Medically Reviewed By Dr.Minto.

Older Man Smiling after Oral SurgeryA successful recovery from oral surgery is essential for proper healing and long-lasting results. Although you might have some anxiety about what to expect after surgery, your recovery will be smooth and steady if you make it your top priority. Our dos and don’ts will prepare you for your role in managing your recovery. And you will be ready to minimize your pain, increase your comfort, and help your mouth heal quickly.

Things to Do to Recover from Oral Surgery

What you do after oral surgery can affect how you feel and how your mouth heals. Below are six things you can do to ease your recovery.

1. Rest

Take it easy for at least 24 hours after oral surgery, preferably closer to 72 hours. Any pain, swelling, bleeding, or soreness you experience will improve if you let your body focus on healing. You may also be drowsy after surgery. Resting helps you avoid the risk of accidents or injuries when you are not alert.
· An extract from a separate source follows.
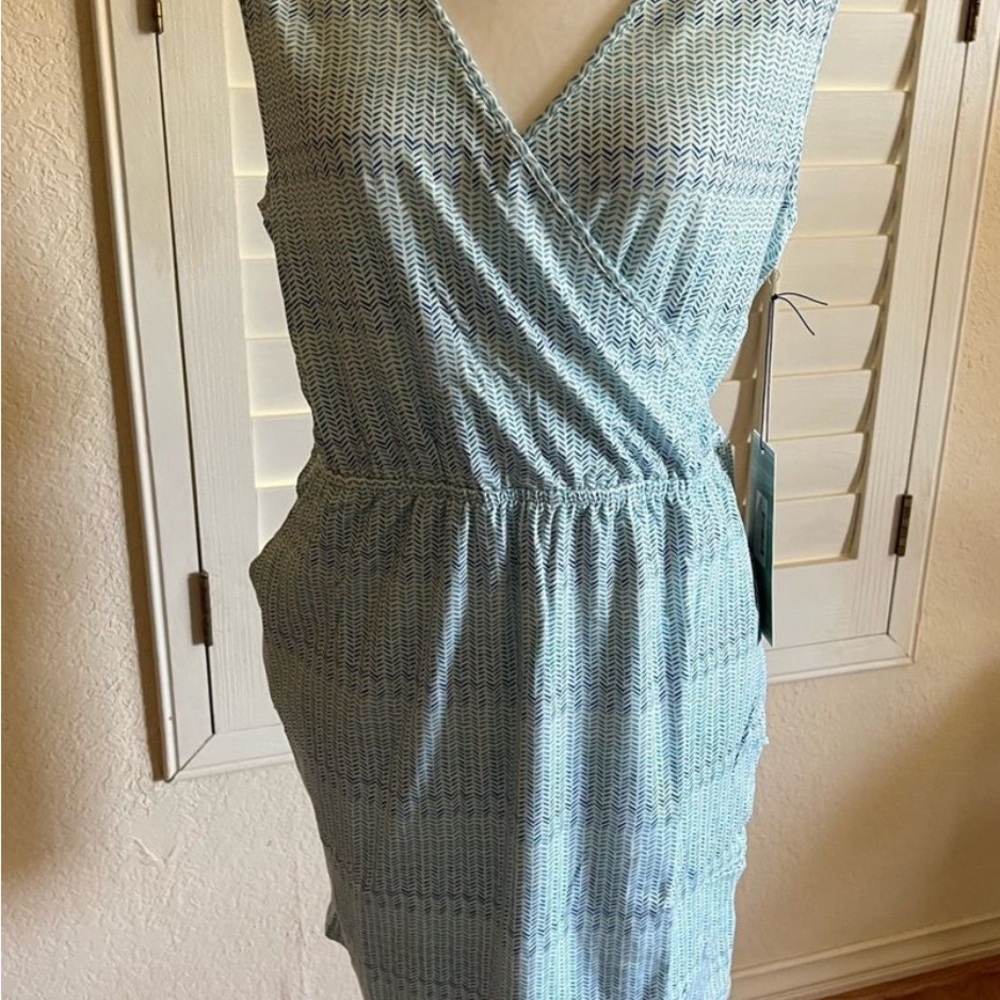 Carve Design wrap style XL summer dress.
2. Take Medication As Directed

If your oral surgeon prescribes a pain reliever, antibiotics, or anti-nausea medication, take it as directed. Most of your discomfort should peak within 48 to 72 hours and gradually improve. So remember that you may be sorer on post-operative day two or three than you are on the day of your surgery – this is normal – do not let it alarm you.  Take medicine with food to minimize nausea or other uncomfortable side effects.

3. Keep Your Mouth Clean

On the day of surgery, change the gauze pads in your mouth until the bleeding stops or is minimal. The day after surgery, gently rinse your mouth with warm salt water every few hours to wash away food particles and debris. You may need to continue the rinse for the next day or two. Begin gently brushing your teeth with a manual toothbrush the day after your surgery.  Take care to avoid the surgical site while brushing.  If your surgeon prescribes an antibiotic mouthwash, start using it the day after surgery.

4. Apply a Cold Compress

For the first 24 to 72 hours after oral surgery, apply an ice pack, cold compress, or a pack of frozen peas on your cheek near the surgical site. Using cold packs 15-20 minutes at a time helps minimize swelling. And swelling will gradually decrease in about five days.

5. Elevate Your Head

Keep your head slightly elevated on the night of oral surgery to relieve pressure around your surgical sites and reduce blood flow to your head. Elevation can reduce pain, swelling, and bleeding. If it helps you sleep more comfortably, continue elevating your head for the next night or two.

6. Eat soft foods

After removing the gauze, you can drink liquids and gradually eat soft, nutritious cool, or room-temperature foods. Chew away from the surgical sites, and drink plenty of water to stay hydrated and promote healing.

Things to Avoid When Recovering from Oral Surgery

While recovering from oral surgery, you can minimize factors that lead to complications. These include:

1. Overexertion

Avoid heavy lifting, pushing, pulling, and exercising for at least a week after oral surgery. The pressure from exertion can cause brisk bleeding, prevent blood clot formation, and increase swelling.

2. Ignoring Persistent Bleeding, Pain, or Fever

Do not ignore symptoms after oral surgery that last longer than your post-op instructions state. For example, persistent or increased bleeding, pain, swelling, or fever may be signs and symptoms of an infection. Call your oral surgeon’s office to report the issue.

3. Food That Can Delay Healing

Eating hot, spicy, or acidic foods after oral surgery can irritate your gum tissue and delay healing. Avoid them until your gums heal—usually in about a week. Also, do not eat hard or sticky foods because they can cling to your teeth, break into pieces, and irritate your surgical site.

4. Disturbing the Surgical Site

Avoid sucking through a straw, aggressively rinsing your mouth, and spitting for the first 72 hours after oral surgery to prevent blood clots from loosening. Rinse gently in the following days. Also, avoid touching the site with your finger, toothbrush, floss, or anything else because it might cause irritation.

5.  Smoking

Smoking restricts blood flow, slows the healing process, and affects overall oral surgery success. The American Association of Oral and Maxillofacial Surgeons (AAOMS) recommends that you avoid smoking during the healing process.

6.  Drinking Alcoholic Beverages

Drinking alcohol after oral surgery can conflict with your medication. It can thin your blood, weaken blood clots, and delay healing. Therefore, most oral surgeons recommend avoiding alcoholic beverages for a least 48 hours after surgery. But refraining from them throughout the healing process supports recovery.